▶ **Problem requirements**: The goal is a clean copy of all the data below, with pictures dropped and everything else retyped exactly.
----- Source material -----
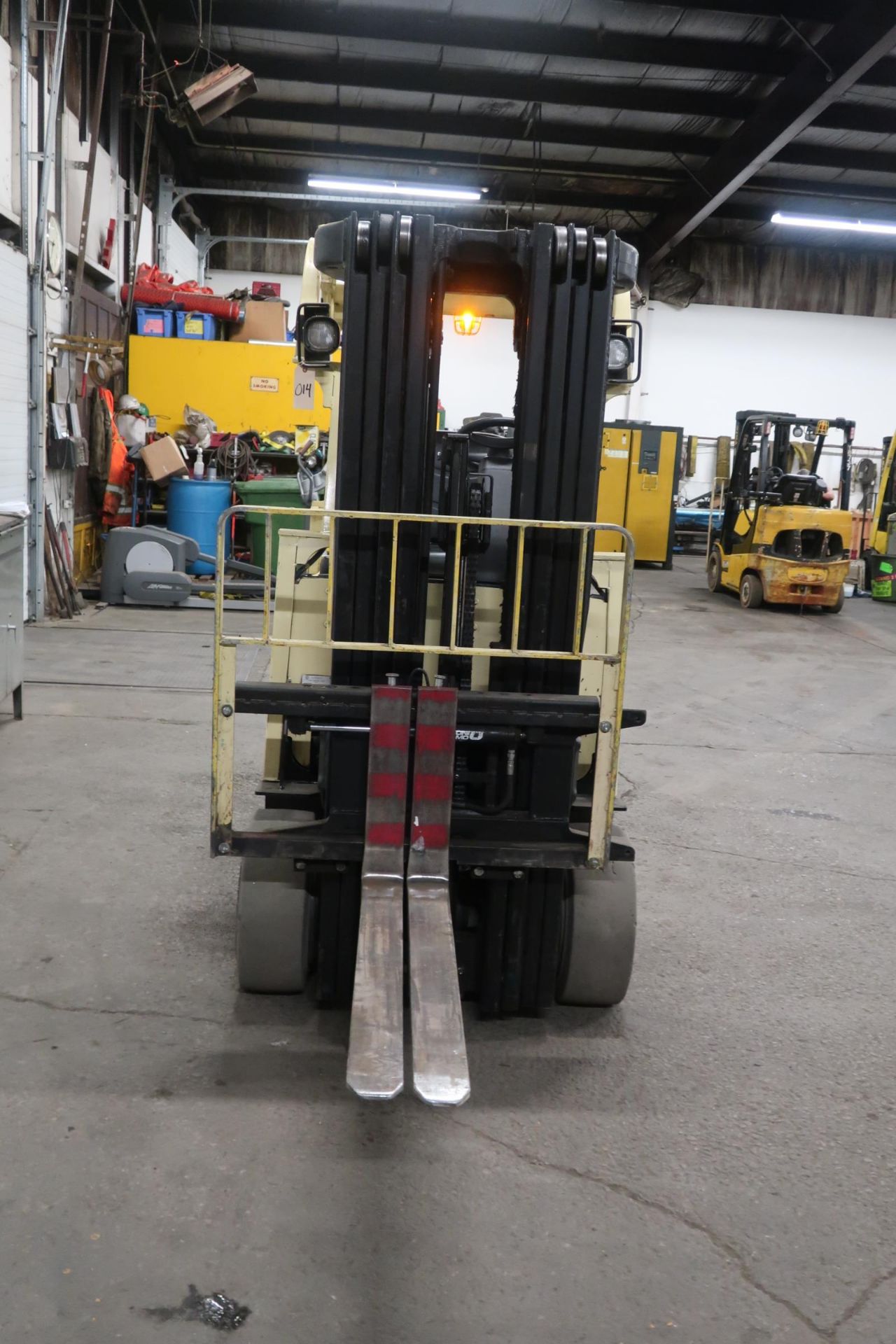 FREE CUSTOMS - 2014 Hyster 5000lbs Capacity Forklift with 4-stage mast - electric with charger - Image 3 of 3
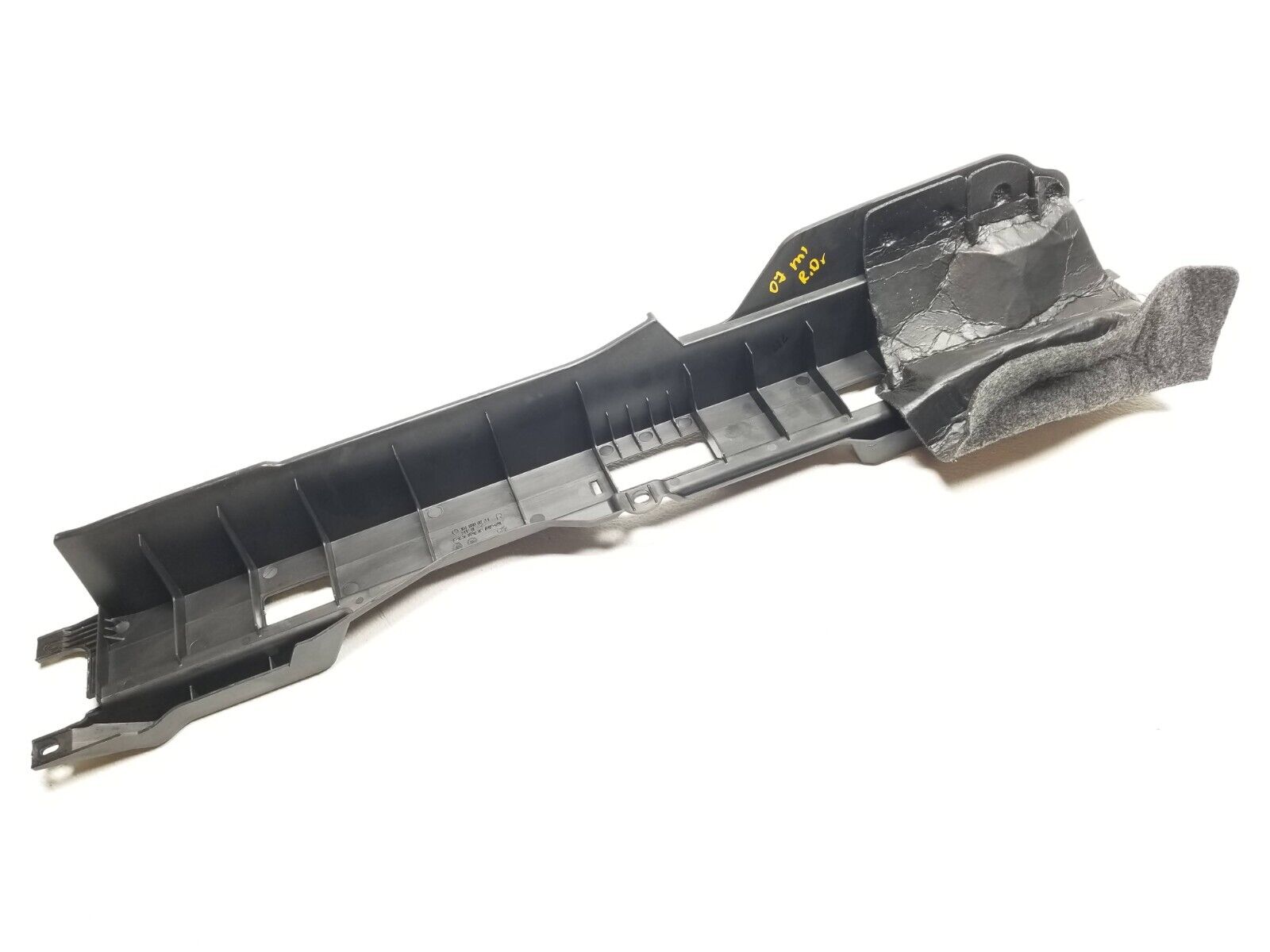 2006-2011 Mercedes ML500 Right Rear Passenger Truck Bracket Trim OEM Replacement Part - Perfect for Off-Roading & Vehicle Restoration Projects
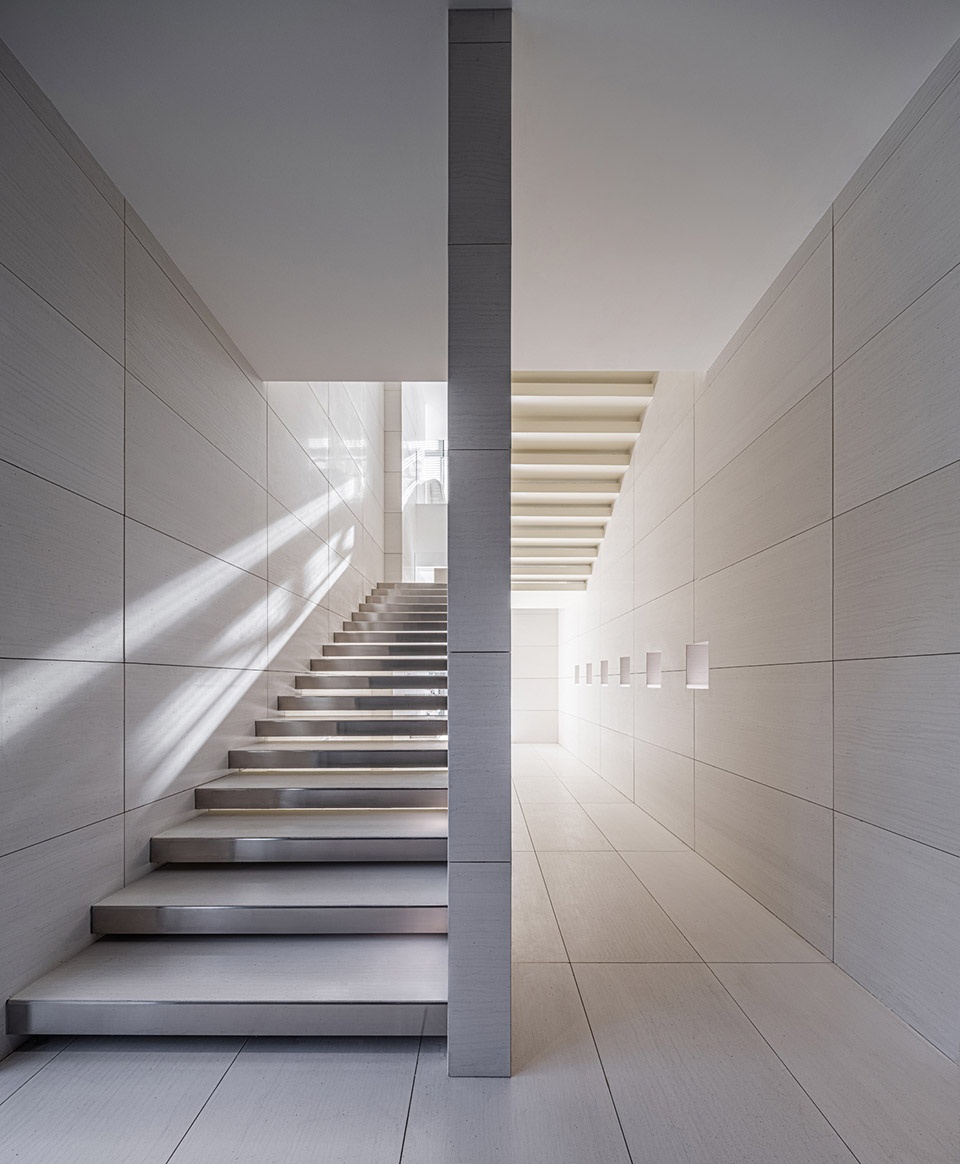 hyoung by jacky w design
-----
▶ **Answer box**:
 FREE CUSTOMS - 2014 Hyster 5000lbs Capacity Forklift with 4-stage mast - electric with charger - Image 3 of 3
 2006-2011 Mercedes ML500 Right Rear Passenger Truck Bracket Trim OEM Replacement Part - Perfect for Off-Roading & Vehicle Restoration Projects
 hyoung by jacky w design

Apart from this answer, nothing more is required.